Some Rotorua dairy owners fear they will be the ones to bear the brunt of the New Year's Day tobacco price hike with an increase in robberies and violence.
Rotorua's Jewan Preet-Kaur is one of those who knows what it's like to have her life threatened for a packet of cigarettes.
In March last year the Hillcrest Dairy store manager feared for her life when two men armed with hammers robbed her shop.
It was the second time in two months that she had been robbed and now Preet-Kaur believes the increased price of cigarettes will increase robberies.
"I don't feel safe after an increased price of ciggies.
"It affects me, it affects the business."
Preet-Kaur felt apprehensive coming into work in the New Year knowing the price of cigarettes had increased and some people would be disgruntled.

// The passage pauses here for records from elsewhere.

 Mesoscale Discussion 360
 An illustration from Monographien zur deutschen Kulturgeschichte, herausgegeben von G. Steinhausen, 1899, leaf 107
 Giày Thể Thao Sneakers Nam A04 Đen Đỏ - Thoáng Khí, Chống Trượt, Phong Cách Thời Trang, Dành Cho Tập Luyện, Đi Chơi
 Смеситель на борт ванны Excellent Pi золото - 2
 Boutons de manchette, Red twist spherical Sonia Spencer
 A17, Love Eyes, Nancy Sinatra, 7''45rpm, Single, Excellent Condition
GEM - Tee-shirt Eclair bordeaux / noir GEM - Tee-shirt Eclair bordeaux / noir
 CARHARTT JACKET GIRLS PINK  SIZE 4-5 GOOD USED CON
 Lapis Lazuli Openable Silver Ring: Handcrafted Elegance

She said some of her customers had not cared that the prices had gone up but those who couldn't afford them could start thinking about alternate ways to feed their addiction.

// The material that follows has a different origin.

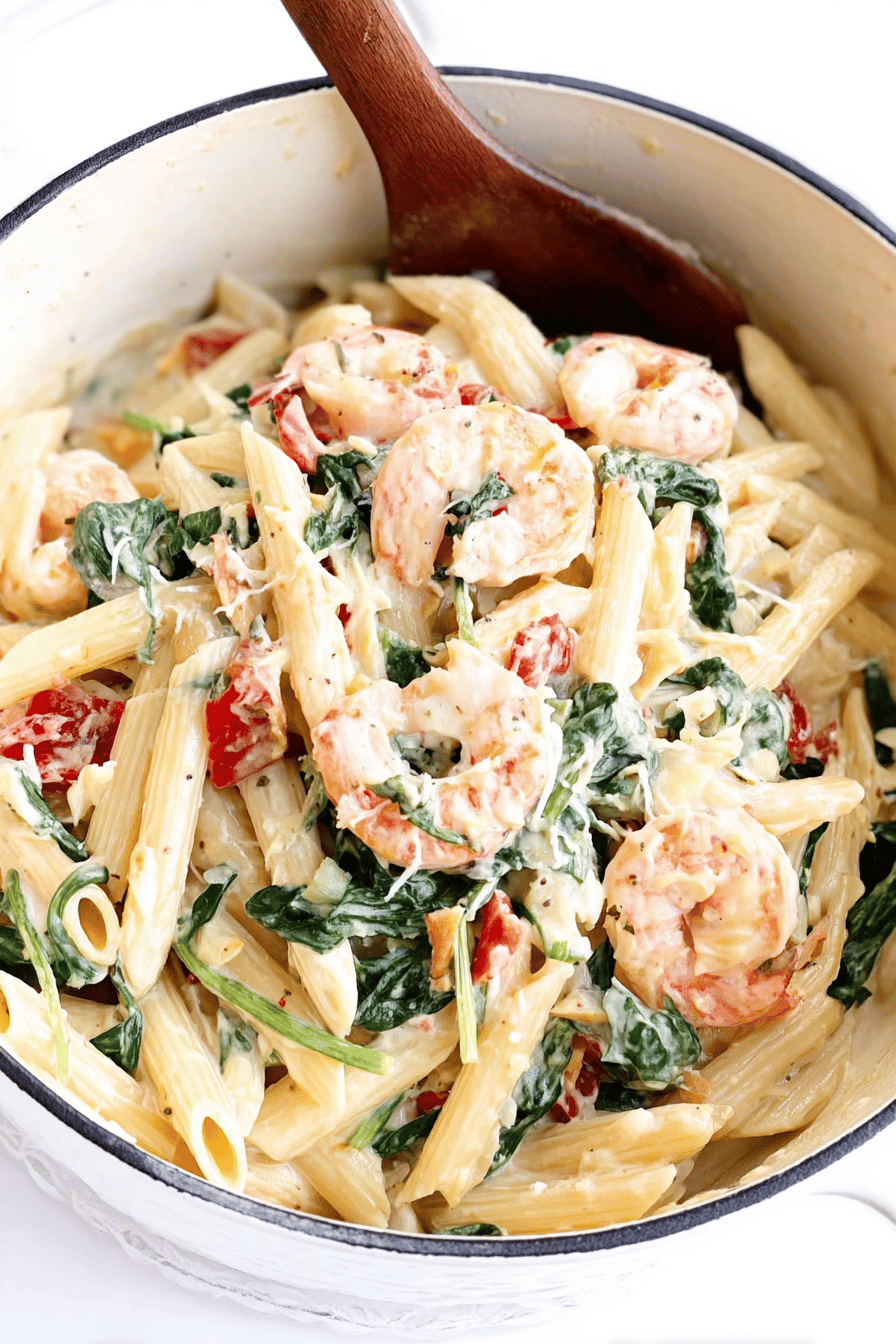 Creamy Shrimp Florentine Pasta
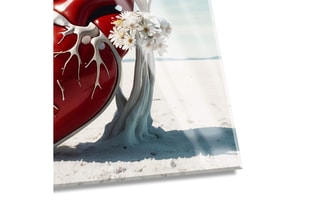 Tableau «Cuore surrealista omaggio a Dalì» Paolo et Edgar - 30 x 30 x 1 cm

"Some think, 'why not just rob the shop and get a lot of cigarettes in just five minutes!'"
The store had security measures in place to protect staff including a new alarm because they couldn't afford to stop selling cigarettes.

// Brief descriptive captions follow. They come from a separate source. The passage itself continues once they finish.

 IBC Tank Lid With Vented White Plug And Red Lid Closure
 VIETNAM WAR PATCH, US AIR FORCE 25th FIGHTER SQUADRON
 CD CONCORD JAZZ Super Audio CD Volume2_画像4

"Some people ask 'why don't you just stop having ciggies in your shop' but without them we can't survive just on the lollies and drink.
BP spokeswoman Anna Radich said security-related events had increase in recent years.
"We have strong security procedures in place, including limiting the cigarettes we have in stock, and have invested heavily in a range of security measures to ensure people remain safe at our stores."
Her comments come after staff were held at gunpoint at the Te Ngae Rd branch last month.
A police media spokesman said at the time the robbers "made off with cigarettes and cash".
Radich said BP continuously reviewed and evaluated security risks, including cigarette thefts, and took further steps when necessary.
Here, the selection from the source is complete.